The cold-molded W-37 day racer continues coming together at Brooklin Boat Yard. Here all the plywood web frames and bulkheads and all the laminated frames have been hung from the longitudinal girders.
The guys in the building crew are putting the final fairing touches on the frames, planing the bevels just right to receive the first layer of planking, 7/16″ tongue-and-groove strip planking. You can see how the bigger laminated frames in the middle are notched into the heavy stringers where the fin keel will be bolted on.
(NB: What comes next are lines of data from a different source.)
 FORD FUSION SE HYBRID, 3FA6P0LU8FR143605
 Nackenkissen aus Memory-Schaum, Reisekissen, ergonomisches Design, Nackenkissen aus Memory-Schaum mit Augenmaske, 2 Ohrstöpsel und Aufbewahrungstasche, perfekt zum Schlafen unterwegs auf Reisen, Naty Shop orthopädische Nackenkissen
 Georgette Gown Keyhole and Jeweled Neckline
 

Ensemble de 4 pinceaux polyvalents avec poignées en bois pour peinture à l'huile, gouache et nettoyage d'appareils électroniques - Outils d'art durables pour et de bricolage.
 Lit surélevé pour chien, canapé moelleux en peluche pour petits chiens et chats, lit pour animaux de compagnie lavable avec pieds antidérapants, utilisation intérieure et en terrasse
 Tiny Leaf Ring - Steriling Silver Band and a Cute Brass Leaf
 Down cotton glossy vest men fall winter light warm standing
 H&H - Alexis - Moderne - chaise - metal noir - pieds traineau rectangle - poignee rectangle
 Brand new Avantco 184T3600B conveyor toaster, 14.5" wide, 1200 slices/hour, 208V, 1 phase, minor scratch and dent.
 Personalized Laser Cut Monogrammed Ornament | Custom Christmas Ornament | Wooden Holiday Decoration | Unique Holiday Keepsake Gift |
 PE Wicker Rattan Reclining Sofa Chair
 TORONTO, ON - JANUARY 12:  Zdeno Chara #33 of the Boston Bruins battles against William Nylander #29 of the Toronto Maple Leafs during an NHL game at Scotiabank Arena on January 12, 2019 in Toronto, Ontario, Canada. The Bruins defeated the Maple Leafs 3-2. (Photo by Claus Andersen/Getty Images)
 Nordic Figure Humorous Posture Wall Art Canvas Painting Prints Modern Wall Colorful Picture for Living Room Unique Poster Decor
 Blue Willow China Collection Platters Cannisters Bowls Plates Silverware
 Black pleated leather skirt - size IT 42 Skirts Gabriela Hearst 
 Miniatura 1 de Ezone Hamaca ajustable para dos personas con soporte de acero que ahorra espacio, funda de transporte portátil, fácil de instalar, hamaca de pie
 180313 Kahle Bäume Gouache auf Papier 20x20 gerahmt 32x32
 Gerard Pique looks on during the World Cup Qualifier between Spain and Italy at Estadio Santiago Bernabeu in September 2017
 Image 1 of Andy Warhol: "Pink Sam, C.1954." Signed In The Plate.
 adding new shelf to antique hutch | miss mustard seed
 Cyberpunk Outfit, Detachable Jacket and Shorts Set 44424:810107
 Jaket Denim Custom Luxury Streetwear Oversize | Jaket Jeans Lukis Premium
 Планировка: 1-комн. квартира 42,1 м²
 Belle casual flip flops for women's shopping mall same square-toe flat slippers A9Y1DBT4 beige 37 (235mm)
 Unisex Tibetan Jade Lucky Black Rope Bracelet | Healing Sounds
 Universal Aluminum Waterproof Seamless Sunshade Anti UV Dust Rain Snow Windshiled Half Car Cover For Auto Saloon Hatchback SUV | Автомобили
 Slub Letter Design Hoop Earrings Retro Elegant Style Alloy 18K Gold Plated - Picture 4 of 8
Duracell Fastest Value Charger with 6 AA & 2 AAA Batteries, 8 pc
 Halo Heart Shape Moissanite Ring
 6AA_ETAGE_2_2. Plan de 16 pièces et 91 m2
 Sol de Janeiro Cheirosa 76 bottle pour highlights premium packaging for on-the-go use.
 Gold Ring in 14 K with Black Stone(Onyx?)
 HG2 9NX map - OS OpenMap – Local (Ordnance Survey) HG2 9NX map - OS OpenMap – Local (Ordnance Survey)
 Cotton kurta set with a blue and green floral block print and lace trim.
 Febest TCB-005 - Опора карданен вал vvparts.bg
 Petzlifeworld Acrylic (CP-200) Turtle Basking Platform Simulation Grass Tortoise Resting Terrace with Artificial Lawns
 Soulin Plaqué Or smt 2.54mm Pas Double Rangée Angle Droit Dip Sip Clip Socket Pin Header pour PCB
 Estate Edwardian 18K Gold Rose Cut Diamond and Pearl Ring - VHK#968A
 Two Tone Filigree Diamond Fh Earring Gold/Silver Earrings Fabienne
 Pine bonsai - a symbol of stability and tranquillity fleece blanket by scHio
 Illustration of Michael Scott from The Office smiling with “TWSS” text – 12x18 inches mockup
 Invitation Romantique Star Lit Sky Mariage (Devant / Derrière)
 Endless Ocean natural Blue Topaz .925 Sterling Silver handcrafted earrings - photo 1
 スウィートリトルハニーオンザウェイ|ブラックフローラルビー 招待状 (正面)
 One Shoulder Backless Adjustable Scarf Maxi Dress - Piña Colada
Here’s a view from astern, showing the shallow sweep of the boat’s run. This spells speed, especially off the wind when the breeze is up. The broad, nearly vertical transom is quite a departure from The W-37’s more svelte sisters, the W-46 and W-76, but it’s this that will give her the power to carry a cloud of sail at planing speeds downwind. It’s made of several layers of marine plywood, vacuum-bagged together over a form to create the graceful camber that’ll distinguish it from more run-of-the-mill sportboats.
A view from the bow. She’s being built on the third floor, so this is looking across the main building bay, which last year was filled with Bequia, a 90′ cold-molded cruising yawl of SWW design. When she’s completed, a beam crane will fly her down to the ground floor, where she’ll be mated to her fin keel of fabricated steel and lead torpedo bulb. Her stem, with its graceful slight reverse, is to the right of the rightmost man’s elbow.